- [Exercise objective]: Write out exactly the lines running from the one with "takero pot (4.5号)" to the end of the data, including both of those lines and excluding pictures.

- [Data block]:

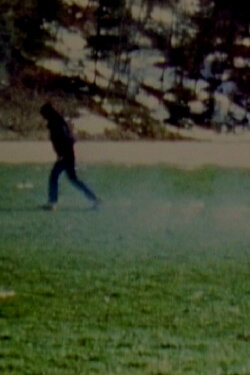 Line (1980)
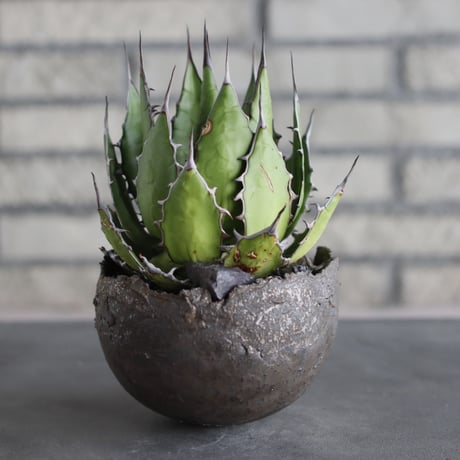 Agave horrida  × takero pot (4.5号)  no.712/22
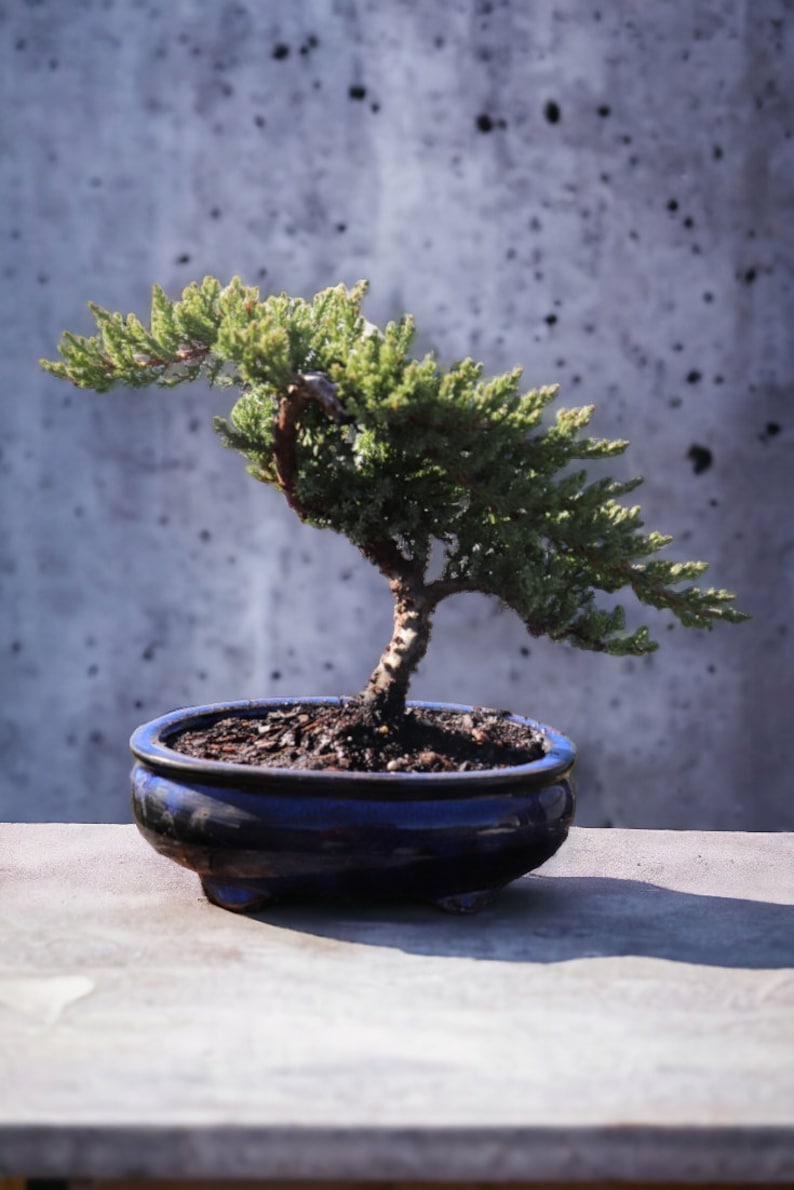 7yrs Japanese Juniper Bonsai Live tree gift Bonsai tree Indoor Plant easy care plant Relaxation gift holiday gift indoor garden decor plant zdjęcie 5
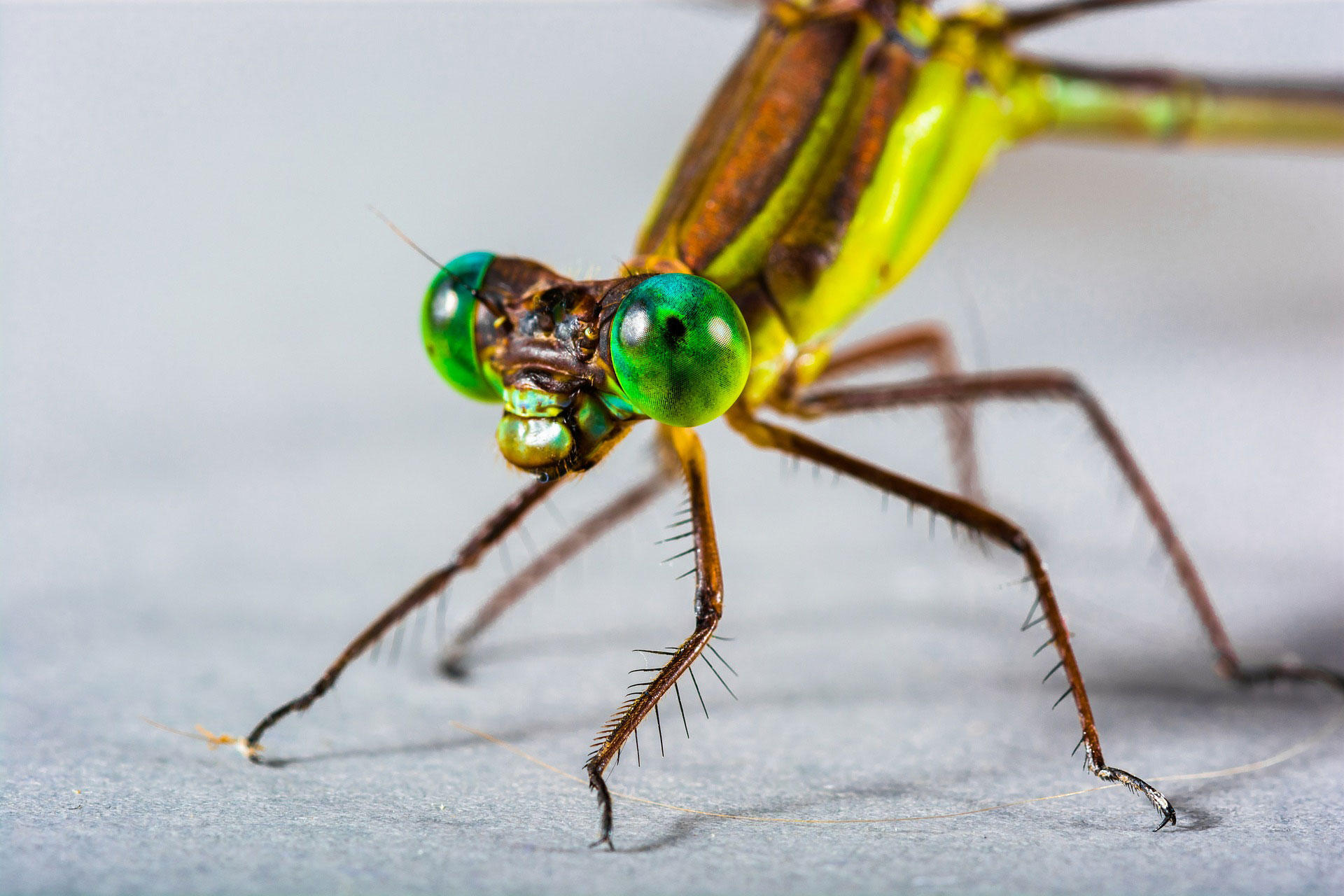 libellula Foto libellula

- [Worked solution]:
 Agave horrida  × takero pot (4.5号)  no.712/22
 7yrs Japanese Juniper Bonsai Live tree gift Bonsai tree Indoor Plant easy care plant Relaxation gift holiday gift indoor garden decor plant zdjęcie 5
 libellula Foto libellula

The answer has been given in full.